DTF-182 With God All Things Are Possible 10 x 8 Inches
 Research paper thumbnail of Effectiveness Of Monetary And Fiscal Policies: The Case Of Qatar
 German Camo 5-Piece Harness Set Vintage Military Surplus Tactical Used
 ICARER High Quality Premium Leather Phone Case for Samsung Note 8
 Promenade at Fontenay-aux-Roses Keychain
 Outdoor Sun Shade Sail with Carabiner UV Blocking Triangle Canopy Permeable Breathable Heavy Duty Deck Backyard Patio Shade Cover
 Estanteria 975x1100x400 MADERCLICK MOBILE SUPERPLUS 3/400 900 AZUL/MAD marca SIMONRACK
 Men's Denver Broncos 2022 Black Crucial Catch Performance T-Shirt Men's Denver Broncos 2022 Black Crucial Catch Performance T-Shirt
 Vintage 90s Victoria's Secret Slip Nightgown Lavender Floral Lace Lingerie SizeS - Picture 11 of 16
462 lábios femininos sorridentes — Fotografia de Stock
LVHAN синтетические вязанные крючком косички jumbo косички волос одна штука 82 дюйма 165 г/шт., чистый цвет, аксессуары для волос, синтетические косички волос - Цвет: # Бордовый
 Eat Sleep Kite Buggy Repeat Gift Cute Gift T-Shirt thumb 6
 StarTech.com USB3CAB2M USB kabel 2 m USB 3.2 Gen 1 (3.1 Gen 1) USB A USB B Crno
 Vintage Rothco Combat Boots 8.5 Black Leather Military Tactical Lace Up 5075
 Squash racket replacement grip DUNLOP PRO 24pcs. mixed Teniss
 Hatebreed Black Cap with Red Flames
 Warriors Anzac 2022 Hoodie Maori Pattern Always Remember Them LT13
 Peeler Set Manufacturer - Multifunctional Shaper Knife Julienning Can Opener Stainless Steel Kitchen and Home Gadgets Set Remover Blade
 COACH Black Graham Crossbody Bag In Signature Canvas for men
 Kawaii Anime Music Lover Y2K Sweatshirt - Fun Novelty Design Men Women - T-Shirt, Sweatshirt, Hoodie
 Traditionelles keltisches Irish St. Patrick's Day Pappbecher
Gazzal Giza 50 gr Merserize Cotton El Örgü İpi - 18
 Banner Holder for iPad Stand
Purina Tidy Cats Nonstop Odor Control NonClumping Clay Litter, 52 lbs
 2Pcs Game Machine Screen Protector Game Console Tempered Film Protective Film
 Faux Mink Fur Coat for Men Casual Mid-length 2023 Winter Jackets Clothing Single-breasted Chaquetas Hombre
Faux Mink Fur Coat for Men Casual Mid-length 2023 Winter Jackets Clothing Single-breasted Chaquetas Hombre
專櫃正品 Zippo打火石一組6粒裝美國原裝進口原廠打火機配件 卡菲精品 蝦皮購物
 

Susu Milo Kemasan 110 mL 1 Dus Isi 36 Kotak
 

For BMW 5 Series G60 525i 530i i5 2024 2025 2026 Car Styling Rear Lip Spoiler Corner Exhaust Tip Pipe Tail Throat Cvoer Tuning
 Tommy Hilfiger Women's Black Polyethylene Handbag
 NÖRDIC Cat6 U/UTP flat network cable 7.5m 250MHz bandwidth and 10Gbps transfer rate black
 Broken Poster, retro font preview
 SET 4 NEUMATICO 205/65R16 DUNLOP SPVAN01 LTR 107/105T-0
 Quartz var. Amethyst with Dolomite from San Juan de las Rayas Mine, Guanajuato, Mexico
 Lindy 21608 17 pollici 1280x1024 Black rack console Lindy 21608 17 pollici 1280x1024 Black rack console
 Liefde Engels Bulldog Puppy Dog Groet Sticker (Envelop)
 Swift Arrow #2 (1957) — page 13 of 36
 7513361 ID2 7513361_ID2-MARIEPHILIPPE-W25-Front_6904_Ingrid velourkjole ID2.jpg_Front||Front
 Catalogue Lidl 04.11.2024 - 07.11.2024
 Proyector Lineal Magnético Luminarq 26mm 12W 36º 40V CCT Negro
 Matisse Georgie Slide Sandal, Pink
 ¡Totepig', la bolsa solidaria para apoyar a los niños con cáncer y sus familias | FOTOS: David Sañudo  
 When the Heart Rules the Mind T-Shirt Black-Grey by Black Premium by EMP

┄┄┄┄┄┄┄┄┄┄

Word for word, repeat every entry listed above.

— Exercise output —
DTF-182 With God All Things Are Possible 10 x 8 Inches
 Research paper thumbnail of Effectiveness Of Monetary And Fiscal Policies: The Case Of Qatar
 German Camo 5-Piece Harness Set Vintage Military Surplus Tactical Used
 ICARER High Quality Premium Leather Phone Case for Samsung Note 8
 Promenade at Fontenay-aux-Roses Keychain
 Outdoor Sun Shade Sail with Carabiner UV Blocking Triangle Canopy Permeable Breathable Heavy Duty Deck Backyard Patio Shade Cover
 Estanteria 975x1100x400 MADERCLICK MOBILE SUPERPLUS 3/400 900 AZUL/MAD marca SIMONRACK
 Men's Denver Broncos 2022 Black Crucial Catch Performance T-Shirt Men's Denver Broncos 2022 Black Crucial Catch Performance T-Shirt
 Vintage 90s Victoria's Secret Slip Nightgown Lavender Floral Lace Lingerie SizeS - Picture 11 of 16
462 lábios femininos sorridentes — Fotografia de Stock
LVHAN синтетические вязанные крючком косички jumbo косички волос одна штука 82 дюйма 165 г/шт., чистый цвет, аксессуары для волос, синтетические косички волос - Цвет: # Бордовый
 Eat Sleep Kite Buggy Repeat Gift Cute Gift T-Shirt thumb 6
 StarTech.com USB3CAB2M USB kabel 2 m USB 3.2 Gen 1 (3.1 Gen 1) USB A USB B Crno
 Vintage Rothco Combat Boots 8.5 Black Leather Military Tactical Lace Up 5075
 Squash racket replacement grip DUNLOP PRO 24pcs. mixed Teniss
 Hatebreed Black Cap with Red Flames
 Warriors Anzac 2022 Hoodie Maori Pattern Always Remember Them LT13
 Peeler Set Manufacturer - Multifunctional Shaper Knife Julienning Can Opener Stainless Steel Kitchen and Home Gadgets Set Remover Blade
 COACH Black Graham Crossbody Bag In Signature Canvas for men
 Kawaii Anime Music Lover Y2K Sweatshirt - Fun Novelty Design Men Women - T-Shirt, Sweatshirt, Hoodie
 Traditionelles keltisches Irish St. Patrick's Day Pappbecher
Gazzal Giza 50 gr Merserize Cotton El Örgü İpi - 18
 Banner Holder for iPad Stand
Purina Tidy Cats Nonstop Odor Control NonClumping Clay Litter, 52 lbs
 2Pcs Game Machine Screen Protector Game Console Tempered Film Protective Film
 Faux Mink Fur Coat for Men Casual Mid-length 2023 Winter Jackets Clothing Single-breasted Chaquetas Hombre
Faux Mink Fur Coat for Men Casual Mid-length 2023 Winter Jackets Clothing Single-breasted Chaquetas Hombre
專櫃正品 Zippo打火石一組6粒裝美國原裝進口原廠打火機配件 卡菲精品 蝦皮購物
 

Susu Milo Kemasan 110 mL 1 Dus Isi 36 Kotak
 

For BMW 5 Series G60 525i 530i i5 2024 2025 2026 Car Styling Rear Lip Spoiler Corner Exhaust Tip Pipe Tail Throat Cvoer Tuning
 Tommy Hilfiger Women's Black Polyethylene Handbag
 NÖRDIC Cat6 U/UTP flat network cable 7.5m 250MHz bandwidth and 10Gbps transfer rate black
 Broken Poster, retro font preview
 SET 4 NEUMATICO 205/65R16 DUNLOP SPVAN01 LTR 107/105T-0
 Quartz var. Amethyst with Dolomite from San Juan de las Rayas Mine, Guanajuato, Mexico
 Lindy 21608 17 pollici 1280x1024 Black rack console Lindy 21608 17 pollici 1280x1024 Black rack console
 Liefde Engels Bulldog Puppy Dog Groet Sticker (Envelop)
 Swift Arrow #2 (1957) — page 13 of 36
 7513361 ID2 7513361_ID2-MARIEPHILIPPE-W25-Front_6904_Ingrid velourkjole ID2.jpg_Front||Front
 Catalogue Lidl 04.11.2024 - 07.11.2024
 Proyector Lineal Magnético Luminarq 26mm 12W 36º 40V CCT Negro
 Matisse Georgie Slide Sandal, Pink
 ¡Totepig', la bolsa solidaria para apoyar a los niños con cáncer y sus familias | FOTOS: David Sañudo  
 When the Heart Rules the Mind T-Shirt Black-Grey by Black Premium by EMP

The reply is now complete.